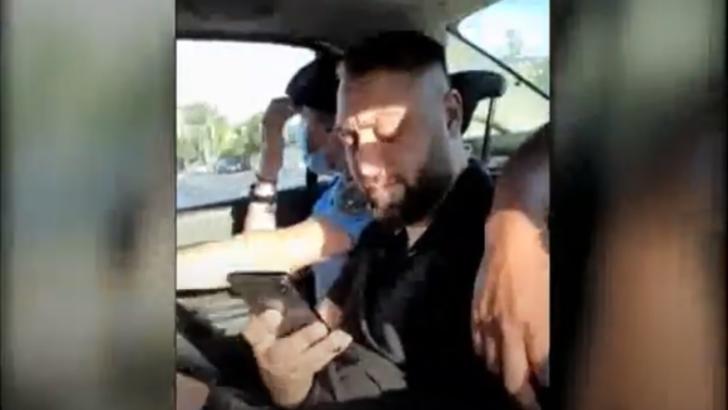 VIDEO Sfidare supremă, polițiști batjocoriți în mașina de interlopii pe care îi duceau la secție 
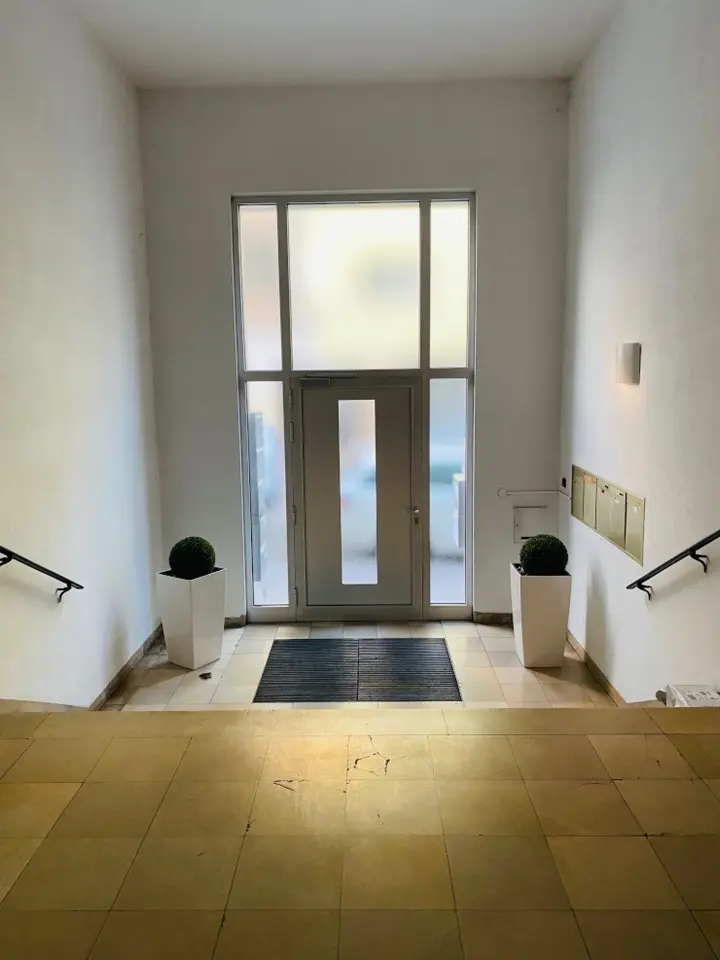 Shared room with 75 m² in Stuttgart – Photo 9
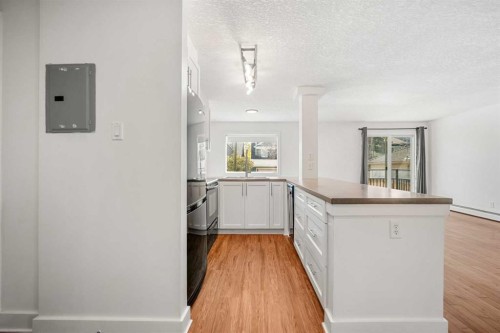 7-2110 15 Street Sw, Calgary, AB 
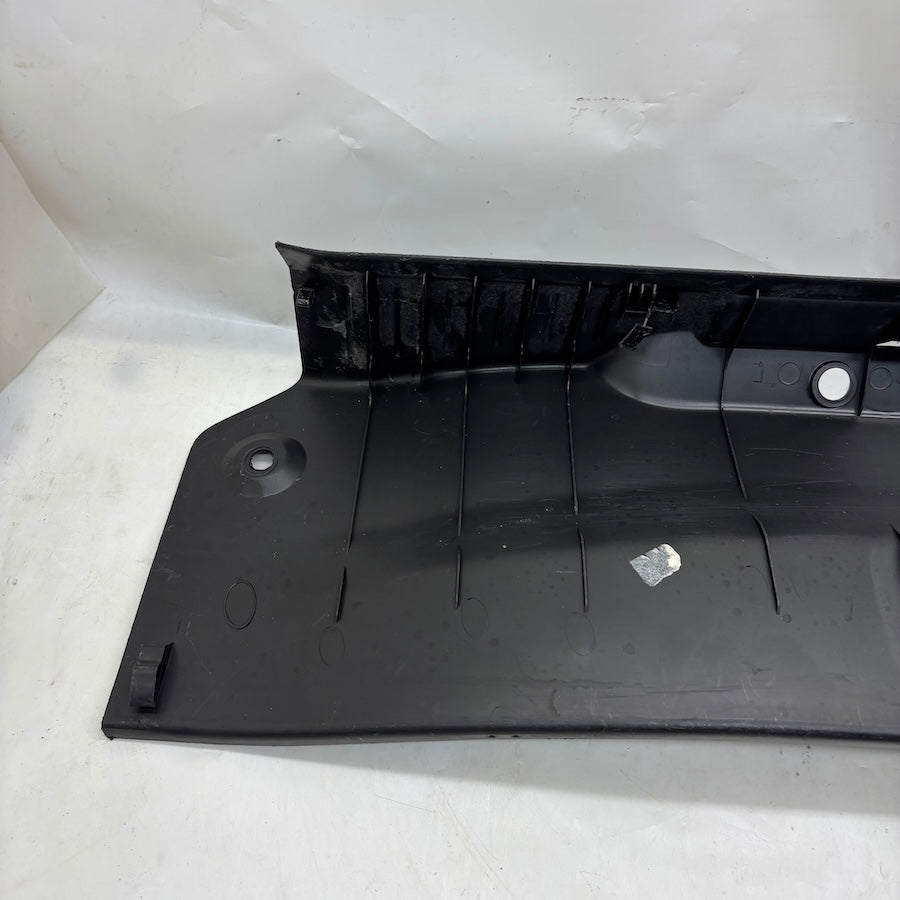 Ford Focus 3 Bagaj Kilit Üst Kaplaması BM51F40352A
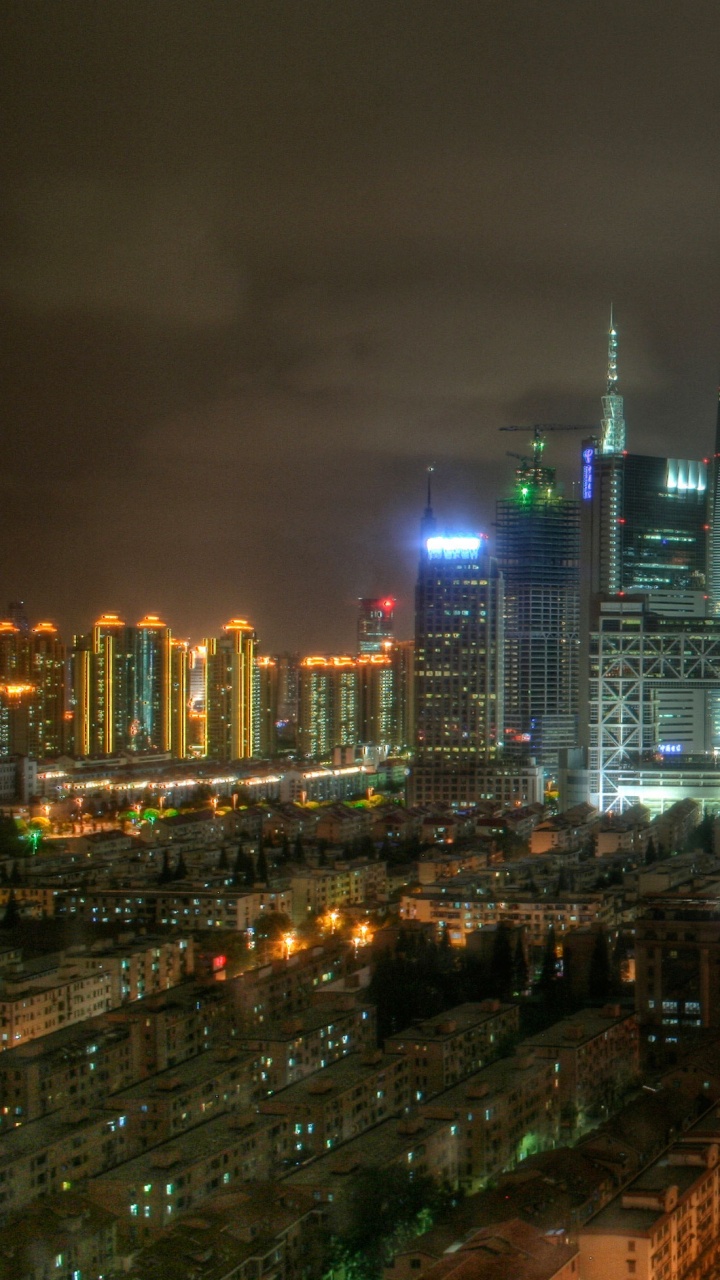 Skyline Der Stadt Bei Nacht Night. Wallpaper in 720x1280 Resolution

• _WHAT THE TASK ASKS_
Would you copy out all the data exactly, without the images?

• _OUTPUT FOR THIS EXERCISE_
 VIDEO Sfidare supremă, polițiști batjocoriți în mașina de interlopii pe care îi duceau la secție 
 Shared room with 75 m² in Stuttgart – Photo 9
 7-2110 15 Street Sw, Calgary, AB 
 Ford Focus 3 Bagaj Kilit Üst Kaplaması BM51F40352A
 Skyline Der Stadt Bei Nacht Night. Wallpaper in 720x1280 Resolution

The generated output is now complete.